#### WHAT TO DO:
Could you reproduce all of the entries below without a single change?

◆ ◆ ◆

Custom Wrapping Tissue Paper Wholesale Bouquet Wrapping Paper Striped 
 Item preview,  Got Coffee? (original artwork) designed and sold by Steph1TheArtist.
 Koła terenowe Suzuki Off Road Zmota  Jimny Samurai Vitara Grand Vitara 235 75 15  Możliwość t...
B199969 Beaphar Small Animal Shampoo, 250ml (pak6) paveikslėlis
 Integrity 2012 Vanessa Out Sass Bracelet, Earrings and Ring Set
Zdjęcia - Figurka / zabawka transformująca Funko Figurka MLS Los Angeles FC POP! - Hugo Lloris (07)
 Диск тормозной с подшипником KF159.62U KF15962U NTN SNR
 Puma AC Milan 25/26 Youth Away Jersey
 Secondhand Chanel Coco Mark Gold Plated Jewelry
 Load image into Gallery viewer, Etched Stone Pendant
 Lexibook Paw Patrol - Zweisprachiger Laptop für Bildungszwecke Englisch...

◆ ◆ ◆

#### RESULT FOR THIS TASK:
Custom Wrapping Tissue Paper Wholesale Bouquet Wrapping Paper Striped 
 Item preview,  Got Coffee? (original artwork) designed and sold by Steph1TheArtist.
 Koła terenowe Suzuki Off Road Zmota  Jimny Samurai Vitara Grand Vitara 235 75 15  Możliwość t...
B199969 Beaphar Small Animal Shampoo, 250ml (pak6) paveikslėlis
 Integrity 2012 Vanessa Out Sass Bracelet, Earrings and Ring Set
Zdjęcia - Figurka / zabawka transformująca Funko Figurka MLS Los Angeles FC POP! - Hugo Lloris (07)
 Диск тормозной с подшипником KF159.62U KF15962U NTN SNR
 Puma AC Milan 25/26 Youth Away Jersey
 Secondhand Chanel Coco Mark Gold Plated Jewelry
 Load image into Gallery viewer, Etched Stone Pendant
 Lexibook Paw Patrol - Zweisprachiger Laptop für Bildungszwecke Englisch...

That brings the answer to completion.